Posted on : December 3, 2016, By:  Chris Hildebrand
Parenting Plans in Arizona Divorce and Child Custody Cases

If you are involved in a divorce or a child custody case in Arizona, you need to know the specifics of Parenting Plans in Arizona divorce and child custody cases.

The two most basic components of an Arizona Parenting Plan are (1) legal decision making and (2) a parenting time schedule. But first, let’s talk about the legal requirements of a Parenting Plan in Arizona.
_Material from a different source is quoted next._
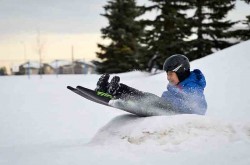 Child sledding over a ramp while wearing a helmet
All Arizona Parenting Plans must meet the requirements of A.R.S. §25-403.02 which requires the following in any Parenting Plan submitted to a judge in Arizona:

  • Each party’s rights and responsibilities for the personal care of the child and for decisions in areas such as education, health care and religious training;
  • A practical schedule of parenting time for the child, including holidays and school vacations;
  • A procedure for the exchanges of the child, including location and responsibility for transportation;
  • A procedure by which proposed changes, disputes and alleged breaches may be mediated or resolved, which may include the use of conciliation services or private counseling;
  • A procedure for periodic review of the plan’s terms by the parties; and
  • A procedure for communicating with each other about the child, including methods and frequency of that communication;

Failure to address any of the factors in A.R.S. 25-403.02 will result in the court rejecting your proposed Parenting Plan.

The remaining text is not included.